The ear cups have a cherry wood casing free of any etched design, with the oval shape reminiscent of a troubadour’s instrument from olden times (hence the name). Many profess that wood-based speaker cabinets create a more inviting and “warmer” sound than plastic and being a headphones, the Troubadours can make direct contact with a person’s ear to enable the wood chamber to work its resonance wonders. This is aided by the heavily padded ear cups that, while moderate in size, are large enough to create a tight seal for deadening surface noise. The two-piece headband itself is made of metal and the construction allows for a fairly tight fit that is not uncomfortable. This is due partly to their being a good amount of “bend” with just the right amount of stiffness to keep the headphones from slipping, along with a sliver of cushioning beneath the headband. The couplings allow a little forward/back movement for the cups and almost none laterally. I think this aids in making for a more solid “fit,” and I know that it keeps the cups from becoming looser over time, as compared to those headphones where the cups are allowed extreme movements. And makes them comfortable to wear for a few hours at a time.
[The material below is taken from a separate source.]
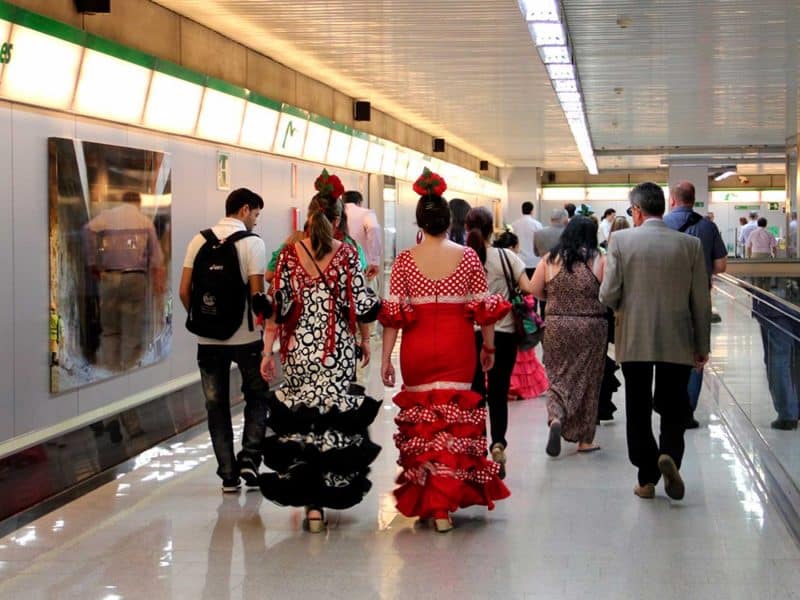 Algunos usuarios del Metro de Sevilla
The combination of wood and steel may form a fashion statement to some and harkens back to when plastic and speakers weren’t in bed together. The overall appearance is that of a well-heeled and expensive looking headphones; certainly they blow all plastic models out of the water at first sight. So I’d say the $150 price tag is just about right for what it is made of and how it was constructed. But since you can’t see them once they’re on, it’ll be how they transmit sound that will count. So I took a few seconds to plug in the dual mini-jacks from the included nylon-wrapped audio cord into their corresponding sockets on the ear cups (these plugs are also wood encased so as to not spoil the look).
For my audio tests I used two CDs initially: the first being a new mastering of Stravinsky’s Lesacre du printemps (a.k.a, The Rite of Spring), as conducted by Sir Simon Rattle and the Berlin Philharmonic. It’s a vibrant work that well displays the frequency range a CD can reach. The clarity I was expecting to hear was there, from the deep throbbing bass to the light tinkle at the high end of the strings. There was times when I was expecting a harshness to slip in amidst the woodwinds, but it didn’t happen — I credit the headphone’s “cabinet’ for that, i.e., not being plastic but wood. I also never heard any distorting in the horns which I credit to both the recording as well as to the LSTN headphones. Overall I’d say the Troubadours makes listening to classical music a pleasure because it captures the nuances that are so vital when listening. I also went to Amazon and tried out MP3 snippets from the disc which, while nowhere near the level of resolution of what I had been hearing, didn’t sound distressing at all. So I can imagine MP3 playback through the headphones being of reasonable quality, depending on the resoluton of the source material.
The other CD was more contemporary, being Buddy Holly’s greatest hits as I was curious as to how the guitar and drum set would sound when combined with his vocals. Maybe Baby’s somewhat harsh guitar mixed in with background vocals came through with a strong punch and no waffling, and That’ll Be The Day, which has a very hard drum beat and a somewhat plunky guitar was a delight to hear as the separation between these two was totally noticeable. I also appreciated how the Troubadours handled the somewhat brittle sounds of the celeste in Every Day as well as the string bass. And while it’s not my cup of tea, I played some heavy metal, courtesy of Judas Priest, just to ensure that the headphones could take it. They did, better than me.
I also connected the Troubadours directly to my Mac Pro and brought up voice memos recorded at a convention using an iPhone in very noisy conditions. It performed quite well, although there was some difficulty in making out words when the ambient noise in the conference hall rose. I would say its performance was compatible to that of other non noise-canceling headphones. Of course playing an audio book, the dialogue came through clear and free of distortion but I hadn’t doubted that.
Bottom line: LSTN makes each of these headphones by hand using reclaimed wood and also makes donations to The Starkey Hearing Foundation for restoring hearing to people in need worldwide. This makes purchasing one of LSTN’s headphones noble, but of course doesn’t change the fact that they must perform well. The Cherry Wood Troubadours Headphones do: I really liked the look, was pleased with the fit and wasn’t disappointed with the sound.